Je viens de finir ma passerelle entre les réseaux CAN et TCP (WiFi) et aussi série sur base d'ESP32. L'ensemble est disponible sur le Github de Locoduino : https://github.com/Locoduino/CAN_WiFi_gateway32

Ce projet avait été initialisé pour Orléans 2018 sur la base d'ESP8266. Ici, il s'agit d'un ESP32 et d'un module CAN SN65HVD230 qui simplifient considérablement le montage et son cout puisque cette passerelle me revient à 6€ au total !

Il est donc possible de lire les trames CAN qui circulent sur un bus avec des applications reliées, soit en WiFi, soit en Ethernet ou soit encore en série. Et il est inversement possible d'envoyer des trames CAN avec ces mêmes applications.

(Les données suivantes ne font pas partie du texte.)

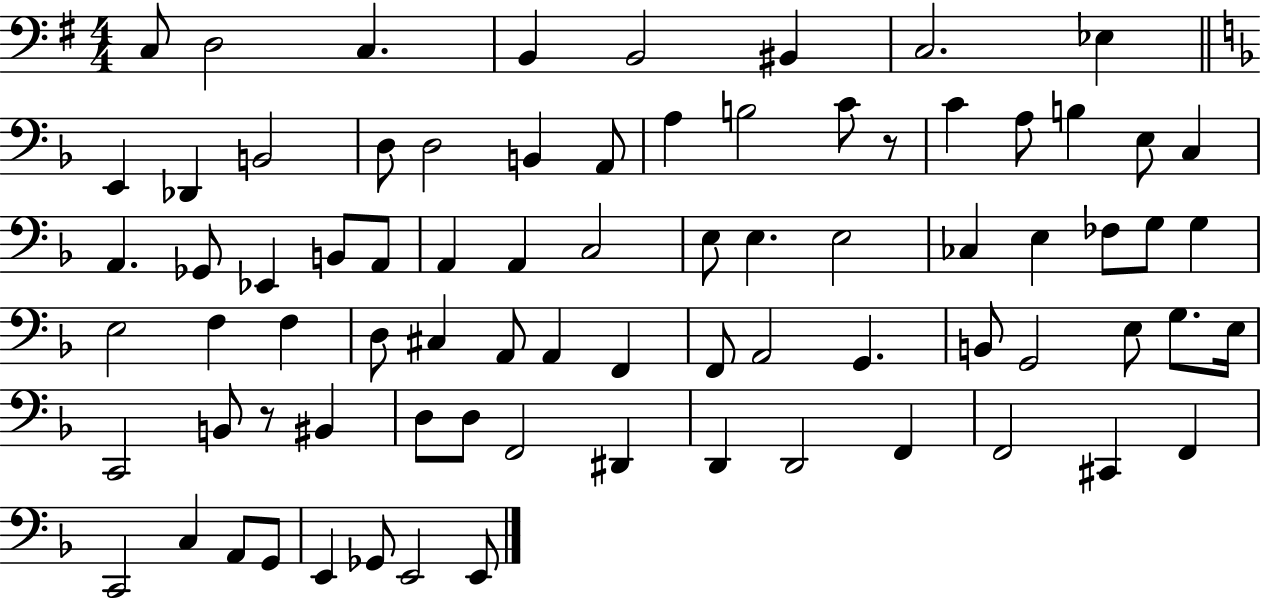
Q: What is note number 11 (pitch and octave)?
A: B2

J'avais présenté à l'époque un TCO sous forme de page Web qui, relié avec les 8 satellites du Locoduinodrome, se mettait à jour dynamiquement. J'utilise toujours ce projet qui est visible ici

J'utilise pour cette vidéo un sketch chargé sur un autre Arduino qui envoi en boucle et à raison d'un message par seconde les mêmes messages que les satellites avec les détecteurs d'occupation (consommation et ponctuels). J'ai poussé le débit des messages au rythme de 1 message toutes les 100ms et la réception TCP n'a pas bronchée.

J'avais aussi montré comment il était possible de faire les réglages des satellites à partir d'une page web :

Pour ma part, c'est un outil très important et mes futurs recherches vont aller dans le sens d'une gestion automatisée de mon réseau sur une base de données (qui existe déjà) et qui va être en interaction directe avec les périphériques CAN (satellites).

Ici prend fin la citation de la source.